Top of Data extracts

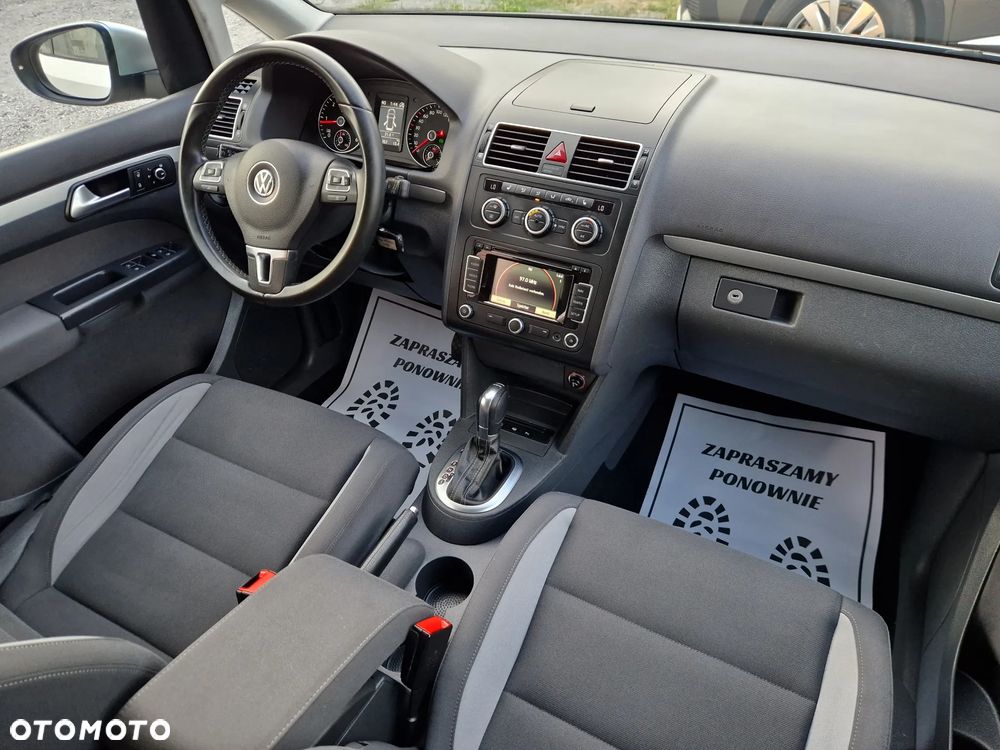 Volkswagen Touran 1.6 TDI DPF DSG Highline - 8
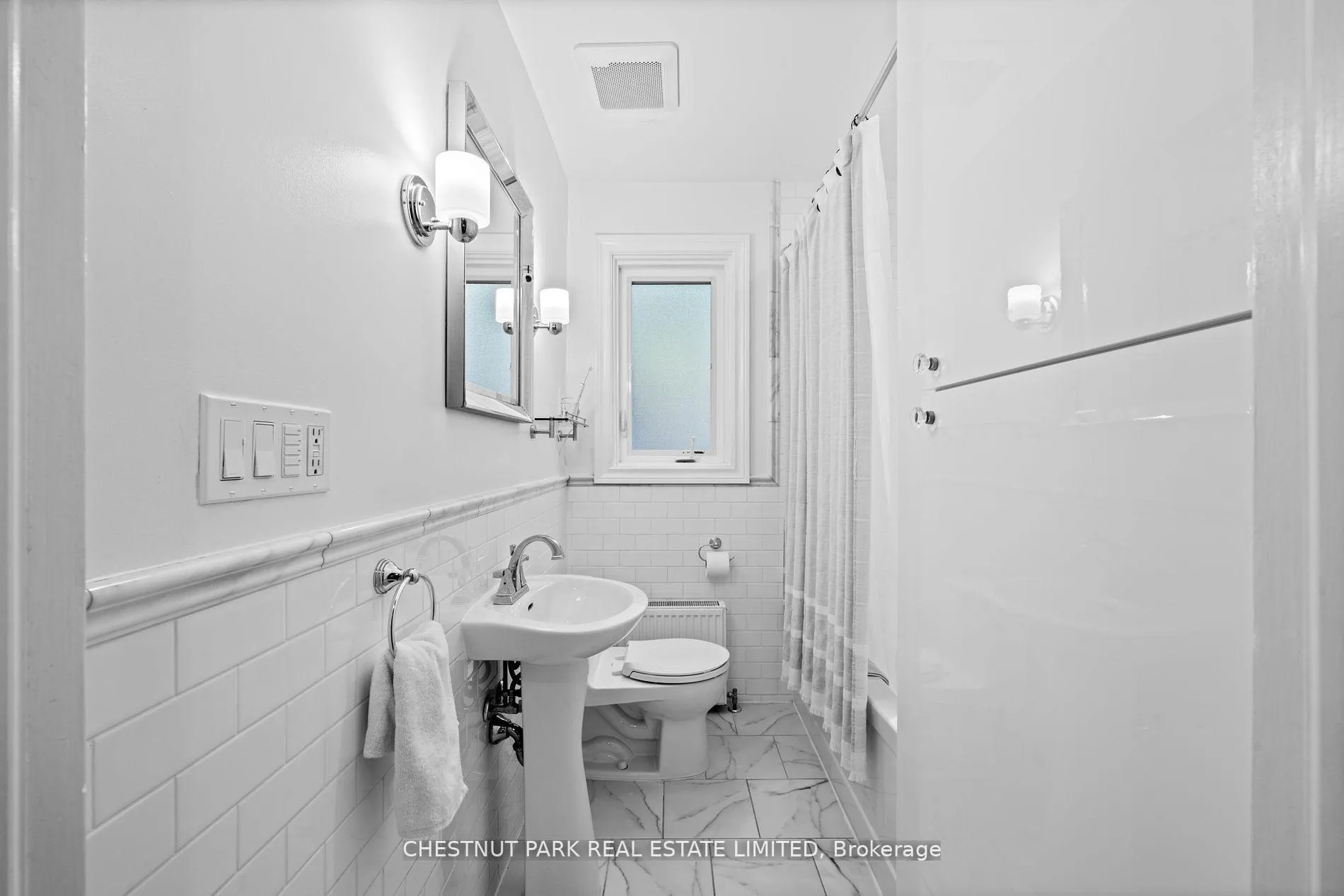 Photo 21 of Unit Main, 9 Oriole Crescent, Toronto, Yonge-St. Clair — HOMEH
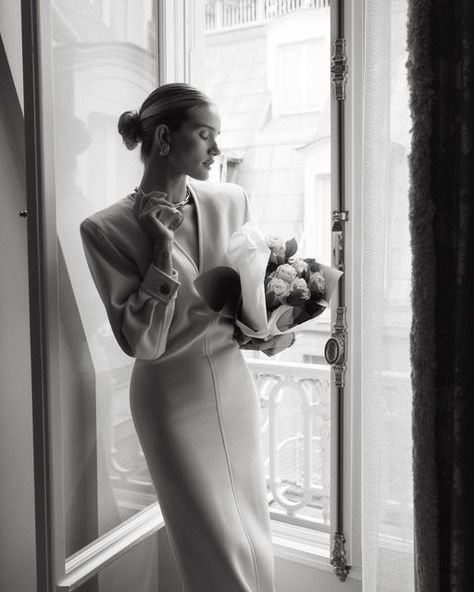 Rosie HW on Instagram: "#Ad @maisonmargielafragrances #margielafragrancepartner #smellslikememories #onadate" Rosie Huntington Whitely, Rosie Hw, Unique Wedding Photography, Rosie Huntington, Jimmy Choo Heels, Huntington Whiteley, Famous Photographers, Happy Wife, Rosie Huntington Whiteley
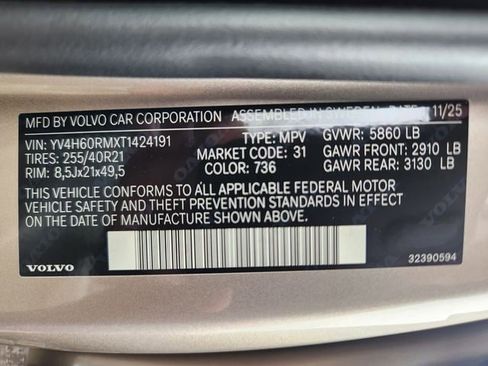 New 2026 Volvo XC60 T8 Ultra w/ Protection Package Premier AWD/4WD image 25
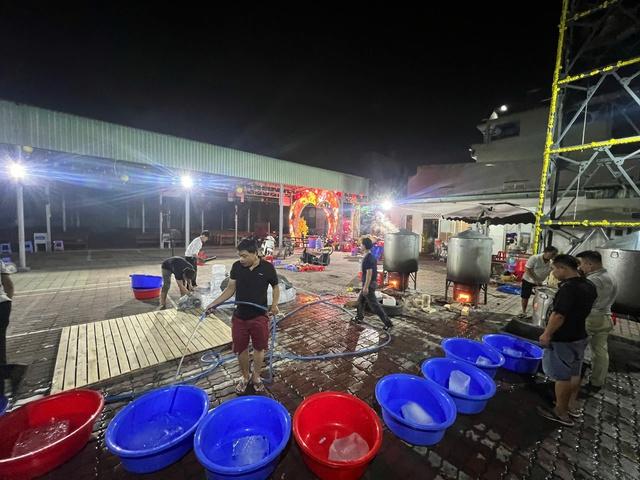 Người Công giáo ở TP.HCM đến nhà thờ gói bánh chưng làm điều đặc biệt dịp tết  - Ảnh 6.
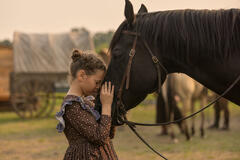 Alice Halsey come Laura Ingalls in La casa nella prateria 1x05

Bottom of Data extracts

What you should do
Only the lines from the one containing "New 2026 Volvo" through the final line of the listing should be reproduced, exactly and with no pictures.

Exercise response
 New 2026 Volvo XC60 T8 Ultra w/ Protection Package Premier AWD/4WD image 25
 Người Công giáo ở TP.HCM đến nhà thờ gói bánh chưng làm điều đặc biệt dịp tết  - Ảnh 6.
 Alice Halsey come Laura Ingalls in La casa nella prateria 1x05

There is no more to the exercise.